Mr. Speaker, I want to thank my colleague from Ottawa—Vanier for his remarks. I particularly appreciate his tone and personal remarks. I have known the member quite well over the last few years working on the Canada-Africa Parliamentary Association. I have the greatest respect for him and for his love and commitment to this country, but we disagree on some areas of how we should approach that.
I have always had a great deal of difficulty especially with the Liberals in defending the unnecessary Senate by virtue of the good work, the good reports and the good deeds it does. My thinking on that has always been, that is great, and there are some wonderful people there, but if we need them to do good deed work, we can create a committee, commission, or task force so they can do that work. The issue is that they ought not be allowed to have a say in what the laws of the country are because they do not have the legitimacy to do it, so I do not buy that argument.

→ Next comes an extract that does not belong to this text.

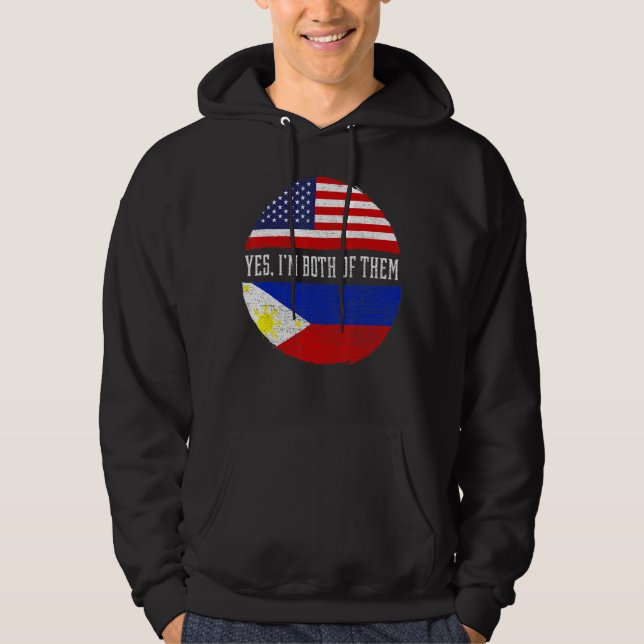 Veste À Capuche Drapeau philippin mi-américain Philippines H (Devant)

I do want to ask about the notion of the check and balances, a favourite phrase of the Americans in their system. In ours, I do not see any check and balance. The hon. member mentioned one example where the Senate corrected a mistake or found a mistake here in the House. I served on two local councils and in the Ontario legislature and mistakes, unfortunately, are made all the time. However, they did not have a Senate or an overseeing body. They just made the corrections. In Ontario we did six amendments to fix one bill. It took a lot of time, but we were able to do it. We have the tools. There is nothing they do in the Senate that we cannot do here. I would like the member's thoughts on this.